Posted on 12/11/2013 2:35:05 AM PST by 2ndDivisionVet

The Democratic pollster Democracy Corps, commissioning research from Greenberg Quinlan Rosner, recently dug into that foreign species commonly referred to as “the conservative voter.” In a dispatch that reads like the curious field notes Charles Darwin scribbled while observing the natural wonders of the Galapagos, the Democratic pollsters have found that the family Republican is made up of a variety of genera, including moderates, tea partiers and socially conservative evangelicals.

Perhaps unsurprisingly, the pollsters discovered that these factions are distinct and not especially friendly towards one another; but the report is not without surprising findings.

The top of that list is the discovery that the majority of Republican voters are fed up with litigating social issues via the electoral process. A wave of pragmatism is overtaking the GOP’s subgroups, setting up a collision with the last remaining holdouts within the GOP who view politics as the last weapon in a dwindling arsenal aimed at halting what they view as a debasing of the culture.

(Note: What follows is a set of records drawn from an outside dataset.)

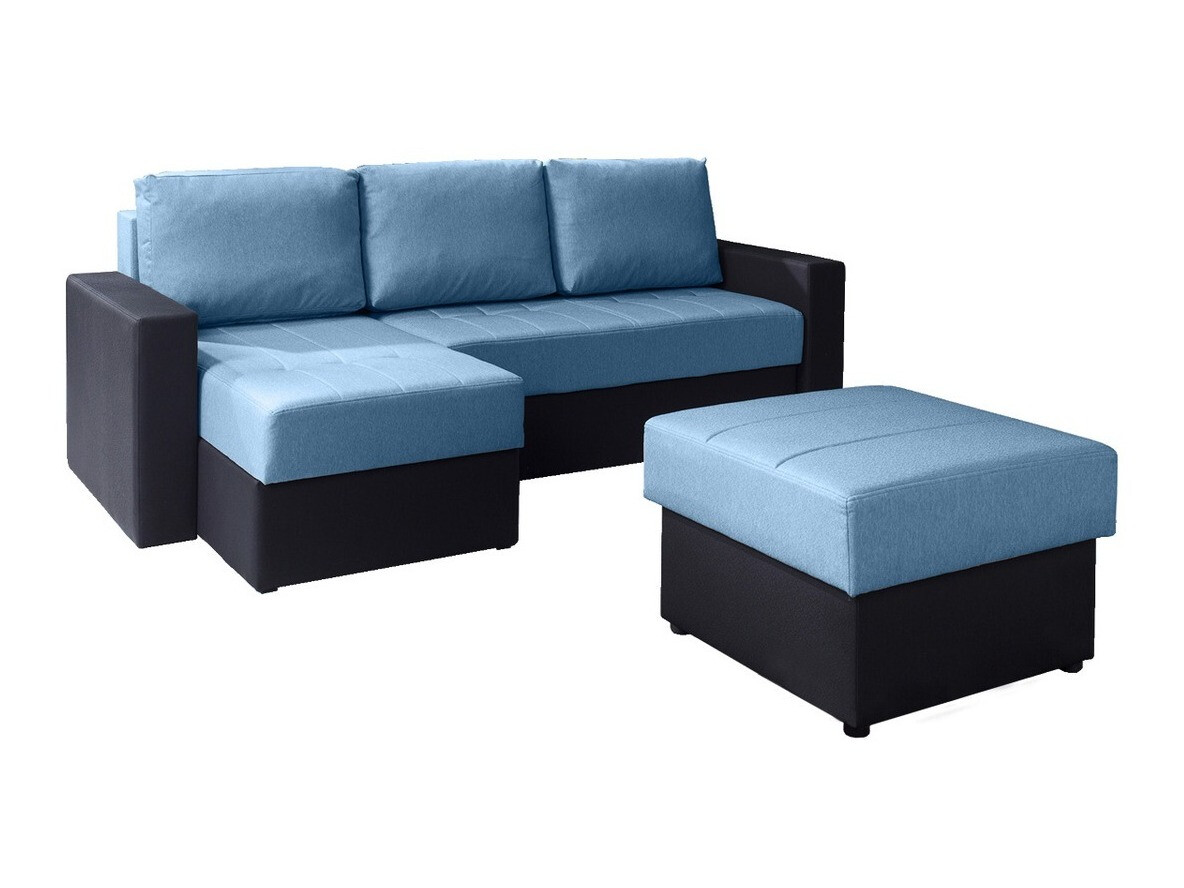 Oblazinjeno pohištvo Tivdalu 119 (Gomez 12 + Gomez 06)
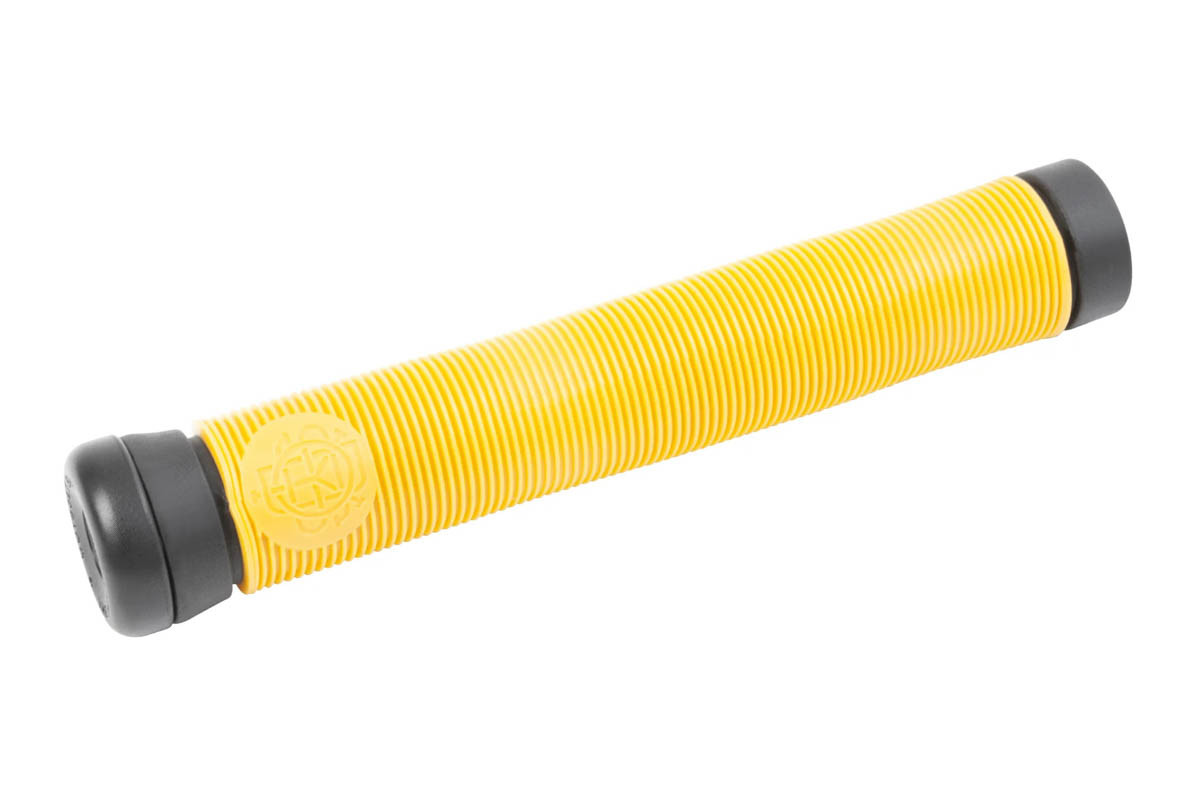 Odyssey Warnin Grip Mustard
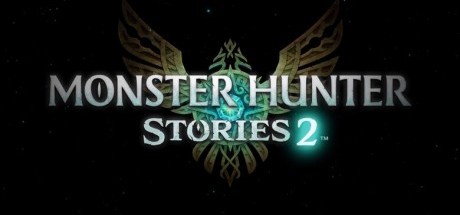怪物猎人物语2：破灭之翼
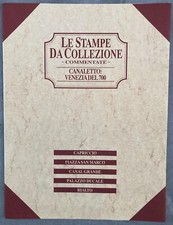 VENEZIA DEL 700: Le Stampe da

“We know that Evangelicals are the largest bloc in the base, with the Tea Party very strong as Well,” the memo reads. They feign shock at the notion that Republicans view President Barack Obama as a “liar” and a “manipulator,” two designations that the majority of American voters would agree with but to which the Democratic base’s Pavlovian response is to point and shriek “racism.”

Indeed, the pollsters even confess that they “expected” to find more racism among Republican voters. “We expected that in this comfortable setting or in their private written notes, some would make a racial reference or racist slur when talking about the African American President,” they confess. “None did.”

But this response by the voters they surveyed is viewed by Democracy Corps pollsters more as a clever evolutionary response to a history of predation. The Republican voter, the pollsters declare, harbors racial consciousness that is only masked by an effective camouflage:

They know that is deeply non-PC and are conscious about how they are perceived. But focusing on that misses how central is race to the worldview of Republican voters. They have an acute sense that they are white in a country that is becoming increasingly “minority,” and their party is getting whooped by a Democratic Party that uses big government programs that benefit mostly minorities, create dependency and a new electoral majority. Barack Obama and Obamacare is a racial flashpoint for many Evangelical and Tea Party voters.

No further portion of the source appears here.